__Assignment__. Omitting all pictures, print the lines of the listing from the one containing "this 1140×760 image." through the final line, both ends included, with no other text.
_ _ _ _ _
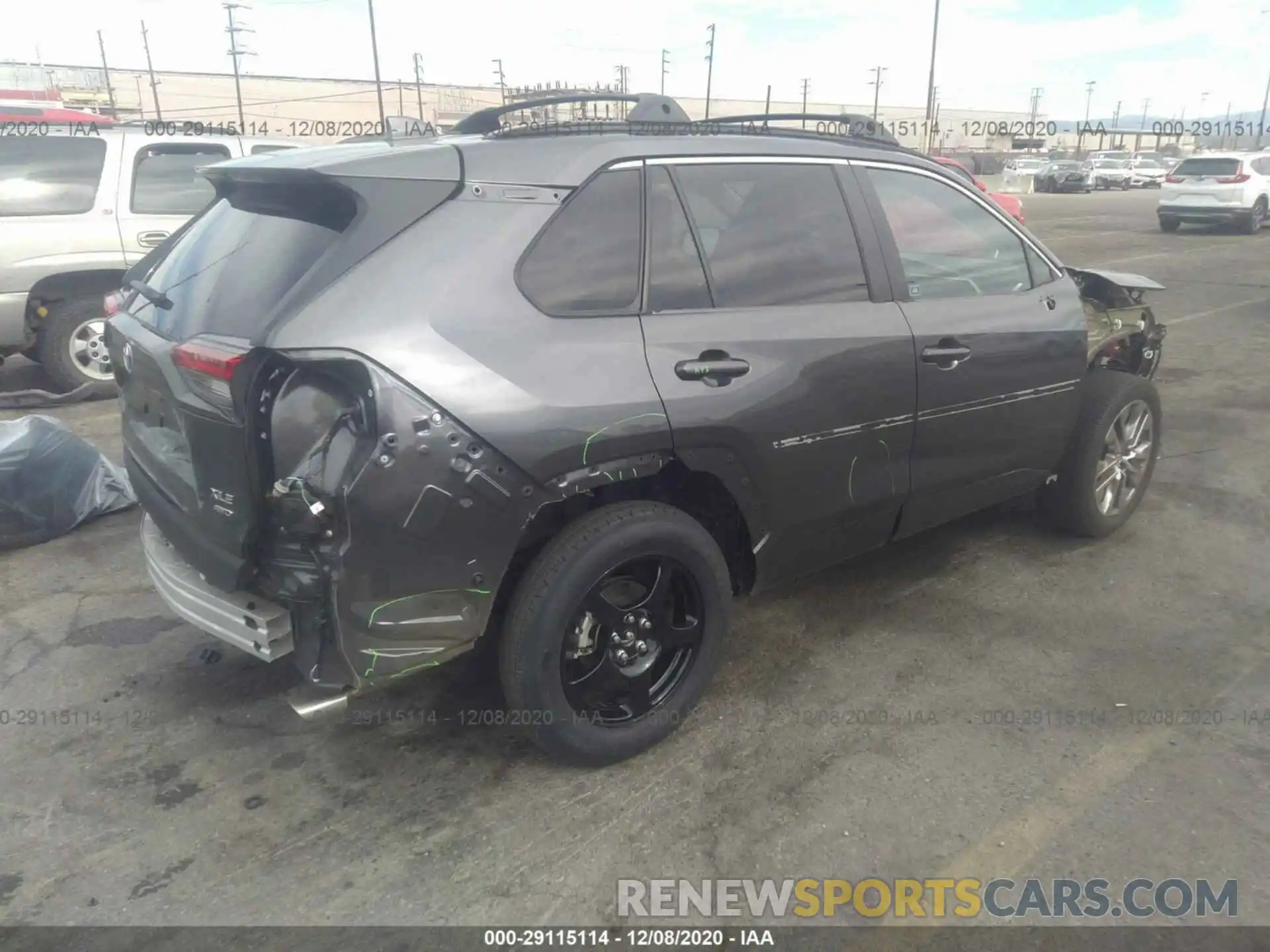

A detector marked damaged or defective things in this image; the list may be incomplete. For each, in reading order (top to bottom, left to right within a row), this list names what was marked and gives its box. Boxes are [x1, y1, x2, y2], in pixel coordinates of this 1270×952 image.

damaged quarter panel [267, 178, 675, 682]
damaged gray suv [105, 95, 1164, 767]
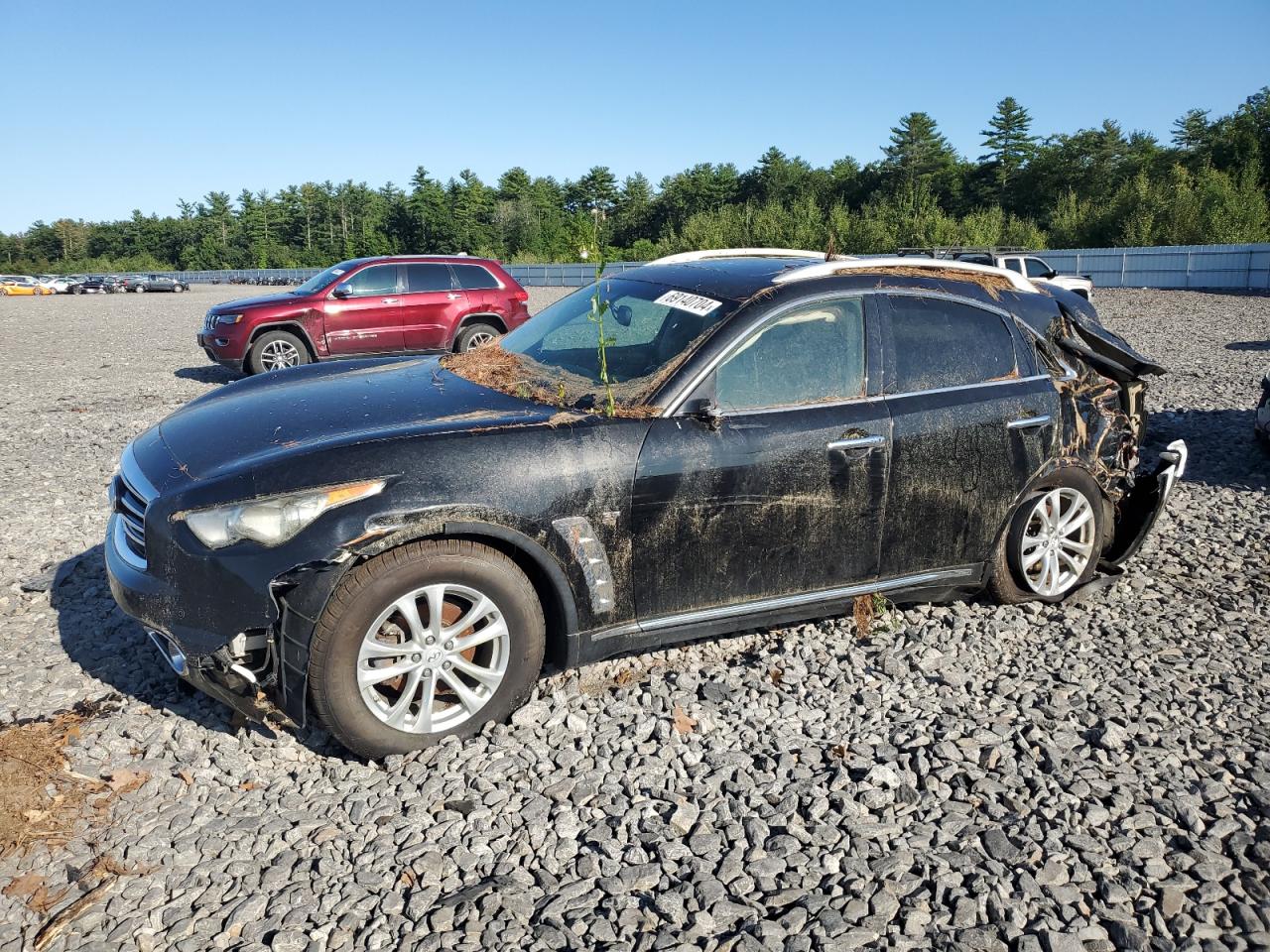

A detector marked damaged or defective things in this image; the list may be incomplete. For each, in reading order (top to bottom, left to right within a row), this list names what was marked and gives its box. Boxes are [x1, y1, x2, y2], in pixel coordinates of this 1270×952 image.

damaged black suv [103, 250, 1183, 756]
damaged rear bumper [1102, 441, 1189, 571]
damaged front bumper [1102, 444, 1189, 571]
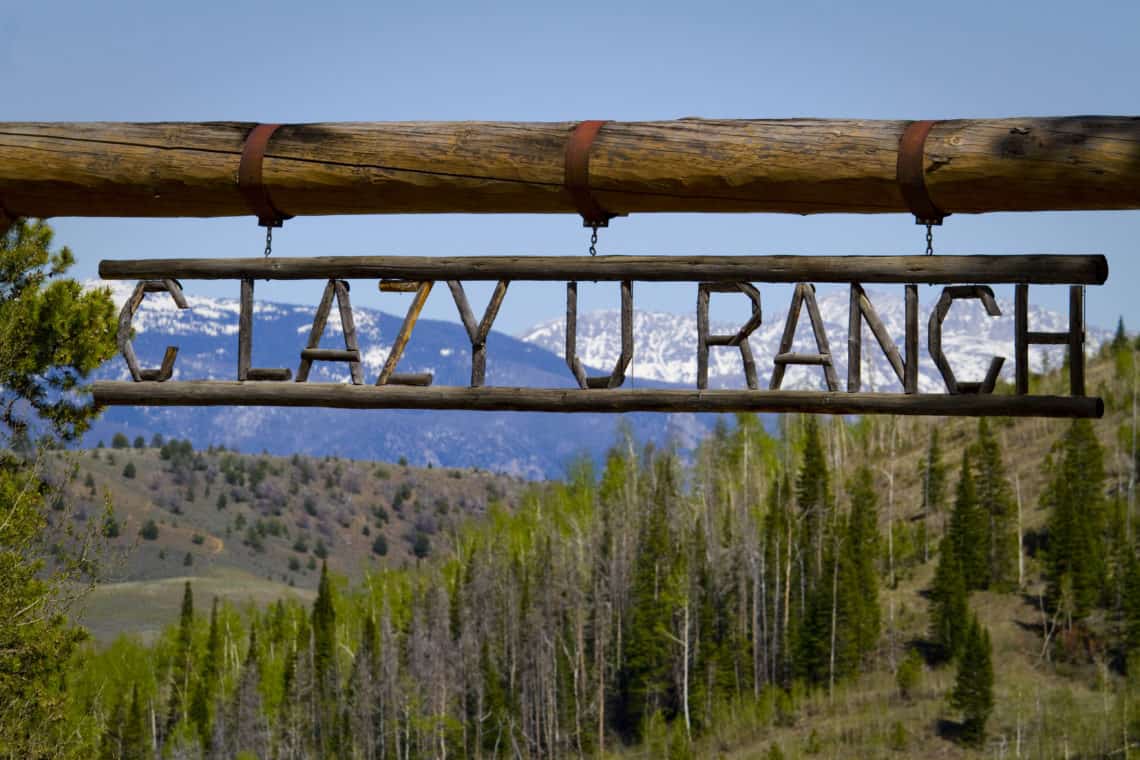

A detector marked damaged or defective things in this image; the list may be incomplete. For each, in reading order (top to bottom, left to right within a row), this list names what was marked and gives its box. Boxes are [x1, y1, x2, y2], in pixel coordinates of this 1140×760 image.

rusty metal strap [238, 122, 294, 225]
rusty metal strap [565, 120, 620, 227]
rusty metal strap [893, 120, 948, 224]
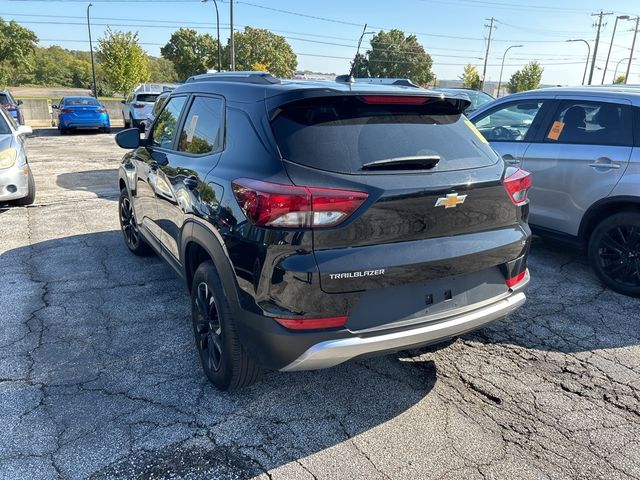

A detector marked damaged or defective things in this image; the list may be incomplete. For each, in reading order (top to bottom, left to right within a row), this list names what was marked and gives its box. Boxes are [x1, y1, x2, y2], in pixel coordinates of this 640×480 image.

cracked asphalt pavement [0, 128, 636, 480]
_ _ _ _ _
__Task result__.
A detector marked damaged or defective things in this image; the list may be incomplete. For each, in reading order (top to bottom, left to right within a row), this list names what was marked and gives its box. Boxes are [x1, y1, x2, y2], in pixel coordinates of this 1140×760 image.

rusty metal strap [238, 122, 294, 225]
rusty metal strap [565, 120, 620, 227]
rusty metal strap [893, 120, 948, 224]

A detector marked damaged or defective things in this image; the list may be incomplete. For each, in reading order (top to bottom, left to right within a row), this list names what was marked and gives its box. Boxes are [x1, y1, x2, y2], in pixel coordinates of this 640×480 image.

cracked asphalt pavement [0, 128, 636, 480]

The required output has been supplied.